Queste e altre iniziative potrebbero essere ancor più valorizzate, se si creasse un rating che attesta l’efficacia del valore sociale unitamente al valore aziendale. E si uscirebbe così dal comune sentire che si tratti solo di meri artifici commerciali. In questa ottica si propone di creare una guida (cartacea, con applicazione su cellulare, su internet) la quale, dal 2012 fino all’Expo2015, attesti via via la relazione fra il mondo della moda (accessori, alta moda, calzature, distribuzione, prêt a porter, tessuti) e il sociale (principi etici e imprese sociali non profit).
Il Progetto “Sdressing”o “Social dressing” coniuga quindi con la moda temi centrali anche di Expo 2015, quali la sostenibilità della società e il business etico.

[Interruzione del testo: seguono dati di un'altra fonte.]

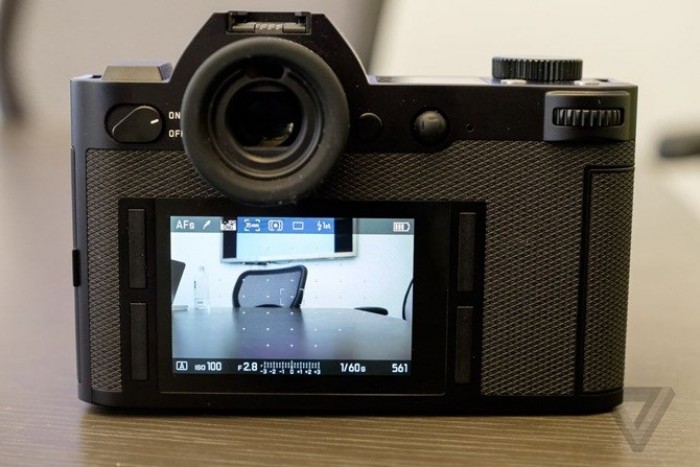 Thử nghiệm máy ảnh fullframe giá gần 170 triệu của Leica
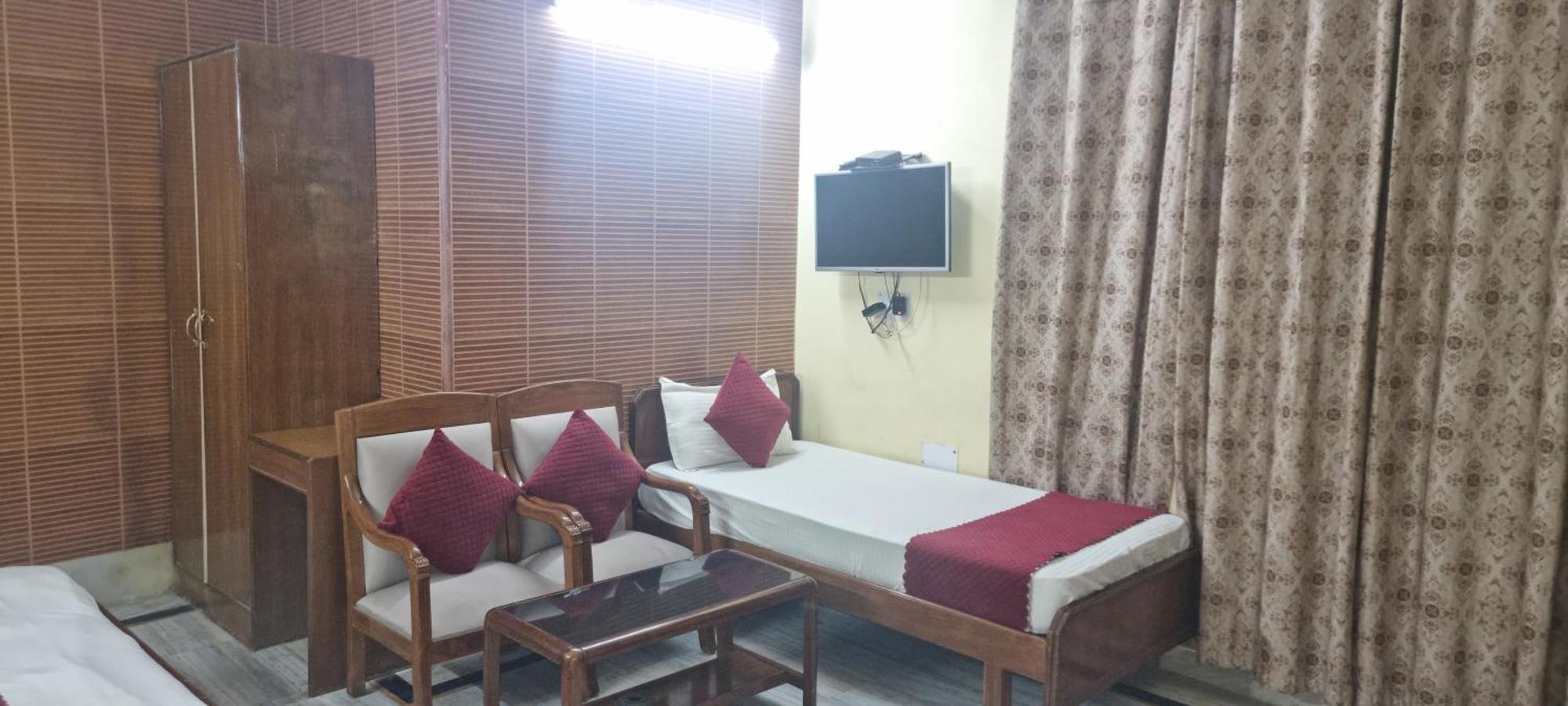 Hotel Har Ki Pauri By Around Stays Харидвар Экстерьер фото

Infatti, sviluppando un rating sociale per le imprese del settore e assegnando un numero variabile di ‘Vestitini della moda sociale’ (come rappresentazione simbolica) agli operatori del settore in funzione dell’autodichiarazione volontaria del proprio valore sociale (controllato anche tramite visite-controllo campione da parte di un advisory board) si può integrare il legittimo valore di marketing con quello dell’intervento sociale per il capitale sociale del sistema paese.
Il rating da comunicare al potenziale consumatore, e con l’Expo si stimano 30 milioni di visitatori, si basa su alcuni parametri: la tracciabilità della produzione, le donazioni a favore di non profit filantropiche e di ricerca scientifica, l’integrazione di personale di etnie diverse, il rapporto con il volontariato interno ed esterno (si veda Gucci con il progetto di employee volunteering).
Ed ancora la gestione di progetti di conciliazione e bilanciamento di vita e lavoro dei dipendenti, la preferenza per linee di fornitura a km zero con un approccio equo e solidale, il cambiamento della logistica della supply chain, l’impatto sociale generato sul territorio (in una logica anche di critical fashion).
A livello di rete distributiva il rating potrà essere esposto con una vetrofania all’entrata dei punti vendita (retail, outlet), stampato su lettere e buste, applicato ai prodotti in vendita e così via.